Much like Nat Geo’s creative retellings of Einstein’s and Picasso’s lives, Suzan-Lori Parks’ biopic of Aretha Franklin is about the human behind the icon. But on a much deeper level, Aretha is not simply about the woman behind the music. It’s about the church beneath the woman. It’s about the community of faith that gave birth to and served as the center of gravity for a young, black, female artist whose music simply cannot be separated from the gospel that permeated the core of her being.

Most viewers will already know and appreciate Aretha Franklin’s music, from her chart-topping singles to her best-selling live gospel music album, Amazing Grace. But few of us know the personal narrative that transformed the precocious pastor’s daughter into one of the most iconic figures in contemporary musical history, including the fact that the church is so central to her story.

Aretha is rightly understood as the “queen of soul” because, just like the musical genre she came to define, her own soul was inextricably intertwined with the great cloud of witnesses (Heb. 12:1) who constantly surrounded her, advocated for her as she broke down racial, sexual, and musical barriers, and actively sustained her as she persevered in the face of extreme adversity.

Parks doesn’t paint a sacrosanct portrait of the church, in large part because that wasn’t the church Aretha came to know and love.

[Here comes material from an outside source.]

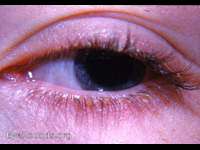 blepharitis marginalis, typical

But neither is it a scandalous or unflattering picture of church life. Rather, the series offers a far more honest and complex depiction of the people of God—one that doesn’t ignore our undeniable flaws yet highlights the underlying goodness, truth, and beauty of what it means to share life together as Christians. In doing so, Aretha offers a more nuanced and human picture of the body of Christ.

Early in the series, as Aretha (Cynthia Erivo) struggles to find her groove with a group of white male musicians that producer Jerry Wexler has brought into the Muscle Shoals recording studio, she lays down a few bars on the piano for a new arrangement she has in mind. Upon hearing her off-the-cuff yet mind-blowing chord progressions, one musician perks up: “That, Mrs. Franklin, is an unknown chord. … Whatever it is, it’s funky.” Another immediately follows, “It’s celestial.” Aretha simply replies, “It’s both at the same time.”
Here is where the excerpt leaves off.